To the best of my knowledge, you can only achieve this by running an automation that executes a script (requires some javascript knowledge). If you'd like assistance with this feel free to PM me.
If anyone can provide an alternate method I'd love to hear it as that would simply a few functions in some of my bases. 😂
you could probably do this either through an automation, formula, or using linked records depending on your setup. can you explain the base a bit more and end goal? could a given account name have multiple records on a given day? do you need to account for different time zones? depending on the need you may just be able to use recordIDs
There is an 'autonumber' field in airtable as well, but just be cautious that if you delete a record it's static so it won't update (e.g. if you have 1, 2, 3, and then delete row with 2, then you'll have 1, 3 left)
you could probably do this either through an automation, formula, or using linked records depending on your setup. can you explain the base a bit more and end goal? could a given account name have multiple records on a given day? do you need to account for different time zones? depending on the need you may just be able to use recordIDs
There is an 'autonumber' field in airtable as well, but just be cautious that if you delete a record it's static so it won't update (e.g. if you have 1, 2, 3, and then delete row with 2, then you'll have 1, 3 left)

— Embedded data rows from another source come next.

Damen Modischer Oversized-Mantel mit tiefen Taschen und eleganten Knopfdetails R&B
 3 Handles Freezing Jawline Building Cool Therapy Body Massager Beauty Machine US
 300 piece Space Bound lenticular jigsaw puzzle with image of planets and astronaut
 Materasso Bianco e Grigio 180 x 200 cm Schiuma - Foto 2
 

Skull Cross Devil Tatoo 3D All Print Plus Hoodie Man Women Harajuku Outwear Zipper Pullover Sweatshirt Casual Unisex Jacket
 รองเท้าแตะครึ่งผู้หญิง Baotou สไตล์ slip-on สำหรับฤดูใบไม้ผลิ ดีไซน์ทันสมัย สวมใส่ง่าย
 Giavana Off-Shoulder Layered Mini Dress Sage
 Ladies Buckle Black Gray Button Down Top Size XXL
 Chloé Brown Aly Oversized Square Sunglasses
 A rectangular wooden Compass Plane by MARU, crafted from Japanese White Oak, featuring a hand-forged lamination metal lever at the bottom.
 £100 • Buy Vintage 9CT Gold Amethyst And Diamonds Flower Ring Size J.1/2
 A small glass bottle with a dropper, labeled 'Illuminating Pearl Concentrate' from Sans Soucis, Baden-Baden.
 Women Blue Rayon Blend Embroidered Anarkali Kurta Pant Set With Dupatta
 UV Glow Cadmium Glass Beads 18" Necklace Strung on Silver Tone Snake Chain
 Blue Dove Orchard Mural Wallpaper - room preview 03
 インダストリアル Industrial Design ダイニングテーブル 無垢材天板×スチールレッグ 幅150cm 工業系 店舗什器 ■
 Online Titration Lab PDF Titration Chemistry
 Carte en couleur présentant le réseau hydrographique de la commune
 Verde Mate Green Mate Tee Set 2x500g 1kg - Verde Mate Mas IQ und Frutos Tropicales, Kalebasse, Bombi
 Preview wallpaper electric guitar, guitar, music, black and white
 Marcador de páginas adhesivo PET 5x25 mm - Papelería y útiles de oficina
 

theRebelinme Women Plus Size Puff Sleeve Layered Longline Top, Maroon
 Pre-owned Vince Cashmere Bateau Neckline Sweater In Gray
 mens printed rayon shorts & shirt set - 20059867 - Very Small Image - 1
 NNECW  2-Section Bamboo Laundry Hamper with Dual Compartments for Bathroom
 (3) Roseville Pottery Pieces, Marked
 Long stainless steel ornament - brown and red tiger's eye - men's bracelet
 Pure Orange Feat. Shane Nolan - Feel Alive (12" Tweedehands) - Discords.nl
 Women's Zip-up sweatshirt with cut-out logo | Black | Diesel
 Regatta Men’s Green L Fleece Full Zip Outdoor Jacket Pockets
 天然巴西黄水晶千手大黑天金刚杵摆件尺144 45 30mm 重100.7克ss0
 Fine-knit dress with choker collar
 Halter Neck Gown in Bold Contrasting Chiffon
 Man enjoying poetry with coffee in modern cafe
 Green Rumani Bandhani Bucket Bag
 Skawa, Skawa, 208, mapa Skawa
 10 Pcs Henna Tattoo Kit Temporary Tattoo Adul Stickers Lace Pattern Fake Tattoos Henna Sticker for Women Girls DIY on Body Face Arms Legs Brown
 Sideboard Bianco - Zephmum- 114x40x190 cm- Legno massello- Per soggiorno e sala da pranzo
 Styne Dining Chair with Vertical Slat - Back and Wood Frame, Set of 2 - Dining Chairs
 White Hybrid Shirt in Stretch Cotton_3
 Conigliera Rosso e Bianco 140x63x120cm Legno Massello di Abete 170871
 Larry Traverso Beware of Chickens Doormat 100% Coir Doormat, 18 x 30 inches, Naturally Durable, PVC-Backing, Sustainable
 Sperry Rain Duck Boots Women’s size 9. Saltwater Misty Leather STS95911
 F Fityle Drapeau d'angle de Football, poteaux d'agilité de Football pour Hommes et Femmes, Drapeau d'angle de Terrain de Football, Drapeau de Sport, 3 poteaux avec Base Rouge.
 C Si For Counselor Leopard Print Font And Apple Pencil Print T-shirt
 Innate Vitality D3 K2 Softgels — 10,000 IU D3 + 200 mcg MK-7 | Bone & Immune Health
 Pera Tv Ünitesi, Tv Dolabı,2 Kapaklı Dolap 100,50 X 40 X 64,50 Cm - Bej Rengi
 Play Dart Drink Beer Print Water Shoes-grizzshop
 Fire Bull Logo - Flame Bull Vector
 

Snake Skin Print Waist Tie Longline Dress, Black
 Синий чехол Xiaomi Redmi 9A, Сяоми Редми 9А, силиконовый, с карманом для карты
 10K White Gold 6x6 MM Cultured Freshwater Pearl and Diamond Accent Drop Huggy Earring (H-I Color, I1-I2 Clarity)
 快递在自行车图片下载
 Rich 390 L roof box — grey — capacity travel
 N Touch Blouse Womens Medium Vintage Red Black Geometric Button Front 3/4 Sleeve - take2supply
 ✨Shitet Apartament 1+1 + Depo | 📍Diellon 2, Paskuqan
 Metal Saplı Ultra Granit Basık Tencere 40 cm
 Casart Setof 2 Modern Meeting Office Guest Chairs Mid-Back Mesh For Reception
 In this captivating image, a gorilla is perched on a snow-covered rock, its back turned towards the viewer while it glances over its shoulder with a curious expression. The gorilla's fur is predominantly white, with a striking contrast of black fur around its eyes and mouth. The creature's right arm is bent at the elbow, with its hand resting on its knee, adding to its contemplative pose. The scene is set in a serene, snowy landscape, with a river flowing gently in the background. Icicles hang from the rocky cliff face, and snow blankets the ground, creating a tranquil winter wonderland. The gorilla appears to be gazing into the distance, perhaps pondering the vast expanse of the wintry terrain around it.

Thank you for your quick response.
Yes, this table expands on a different table's work orders. So this table is essentially the other table's work order's line items. So yes, a given account name would have multiple records on a given day. I would like to have the records numbered 1,2,3,4... when the account name and created date are the same. Everything is in the same time zone. The time does not need to match, just the date. I was then planning to incorporate the 1,2,3,4... into the primary field's name through a formula.